The attached who.csv dataset contains real-world data from 2008. The variables included follow.
Country: name of the country
LifeExp: average life expectancy for the country in years
InfantSurvival: proportion of those surviving to one year or more
Under5Survival: proportion of those surviving to five years or more
TBFree: proportion of the population without TB.
PropMD: proportion of the population who are MDs
PropRN: proportion of the population who are RNs
PersExp: mean personal expenditures on healthcare in US dollars at average exchange rate
GovtExp: mean government expenditures per capita on healthcare, US dollars at average exchange rate
TotExp: sum of personal and government expenditures.

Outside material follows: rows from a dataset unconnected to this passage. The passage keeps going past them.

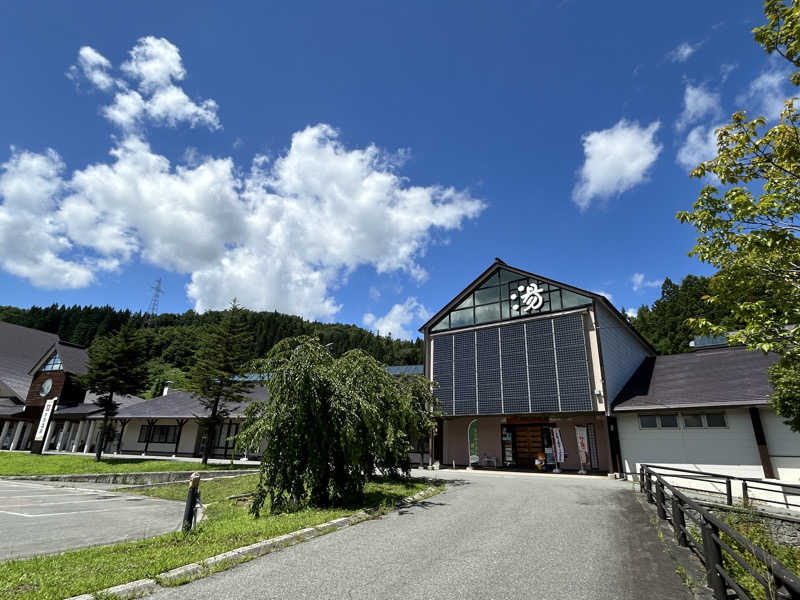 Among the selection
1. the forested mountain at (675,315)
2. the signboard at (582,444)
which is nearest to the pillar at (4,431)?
the signboard at (582,444)

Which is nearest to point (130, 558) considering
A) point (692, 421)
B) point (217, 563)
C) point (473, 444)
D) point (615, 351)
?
point (217, 563)

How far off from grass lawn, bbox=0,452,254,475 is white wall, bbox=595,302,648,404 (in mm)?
22021

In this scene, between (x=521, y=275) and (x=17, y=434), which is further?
(x=17, y=434)

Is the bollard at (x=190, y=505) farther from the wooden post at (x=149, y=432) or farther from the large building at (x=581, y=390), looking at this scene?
the wooden post at (x=149, y=432)

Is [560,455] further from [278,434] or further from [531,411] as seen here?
[278,434]

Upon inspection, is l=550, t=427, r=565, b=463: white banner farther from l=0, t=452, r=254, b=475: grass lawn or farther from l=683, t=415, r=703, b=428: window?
l=0, t=452, r=254, b=475: grass lawn

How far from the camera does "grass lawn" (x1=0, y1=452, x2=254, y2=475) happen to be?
2369 centimetres

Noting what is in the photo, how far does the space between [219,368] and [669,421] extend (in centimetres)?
2693

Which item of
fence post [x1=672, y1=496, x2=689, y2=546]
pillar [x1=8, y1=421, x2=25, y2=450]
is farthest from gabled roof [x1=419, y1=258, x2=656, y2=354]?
pillar [x1=8, y1=421, x2=25, y2=450]

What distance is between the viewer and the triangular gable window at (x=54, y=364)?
124 feet

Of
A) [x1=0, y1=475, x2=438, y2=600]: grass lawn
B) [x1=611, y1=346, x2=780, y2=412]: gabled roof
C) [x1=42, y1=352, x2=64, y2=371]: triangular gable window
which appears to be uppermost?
[x1=42, y1=352, x2=64, y2=371]: triangular gable window

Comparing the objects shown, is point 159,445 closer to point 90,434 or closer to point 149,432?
point 149,432

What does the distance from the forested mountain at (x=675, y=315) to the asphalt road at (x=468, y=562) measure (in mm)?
45798

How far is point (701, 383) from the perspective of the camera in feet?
68.7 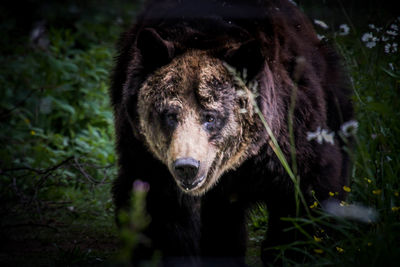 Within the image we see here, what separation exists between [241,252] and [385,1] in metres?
2.75

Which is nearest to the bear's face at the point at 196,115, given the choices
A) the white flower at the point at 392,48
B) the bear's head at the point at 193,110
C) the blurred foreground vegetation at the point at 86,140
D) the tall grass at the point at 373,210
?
the bear's head at the point at 193,110

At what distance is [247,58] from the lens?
10.3ft

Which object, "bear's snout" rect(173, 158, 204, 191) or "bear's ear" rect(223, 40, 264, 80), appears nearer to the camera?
"bear's snout" rect(173, 158, 204, 191)

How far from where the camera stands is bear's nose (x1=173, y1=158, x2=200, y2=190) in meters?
2.79

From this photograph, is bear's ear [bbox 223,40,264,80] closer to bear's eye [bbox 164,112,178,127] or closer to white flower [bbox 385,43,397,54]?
bear's eye [bbox 164,112,178,127]

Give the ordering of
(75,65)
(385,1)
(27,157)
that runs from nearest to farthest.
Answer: (385,1), (27,157), (75,65)

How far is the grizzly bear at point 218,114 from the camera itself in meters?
3.11

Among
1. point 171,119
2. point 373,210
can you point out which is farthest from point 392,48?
point 171,119

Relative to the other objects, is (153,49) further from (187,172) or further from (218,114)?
(187,172)

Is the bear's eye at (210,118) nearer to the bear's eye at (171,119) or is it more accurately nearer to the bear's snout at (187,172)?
the bear's eye at (171,119)

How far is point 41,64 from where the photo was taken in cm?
666

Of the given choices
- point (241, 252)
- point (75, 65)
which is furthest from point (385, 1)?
point (75, 65)

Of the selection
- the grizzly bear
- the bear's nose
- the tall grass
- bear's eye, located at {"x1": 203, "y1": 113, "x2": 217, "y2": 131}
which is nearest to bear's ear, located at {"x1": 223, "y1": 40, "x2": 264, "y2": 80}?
the grizzly bear

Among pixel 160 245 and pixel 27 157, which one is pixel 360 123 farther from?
pixel 27 157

Provide a scatterplot of LifeExp~TotExp, and run simple linear regression. Do not transform the variables. Provide and interpret the F statistics, R^2, standard error,and p-values only. Discuss whether the assumptions of simple linear regression met.
Raise life expectancy to the 4.6 power (i.e., LifeExp^4.6). Raise total expenditures to the 0.06 power (nearly a log transform, TotExp^.06). Plot LifeExp^4.6 as a function of TotExp^.06, and r re-run the simple regression model using the transformed variables. Provide and interpret the F statistics, R^2, standard error, and p-values. Which model is “better?”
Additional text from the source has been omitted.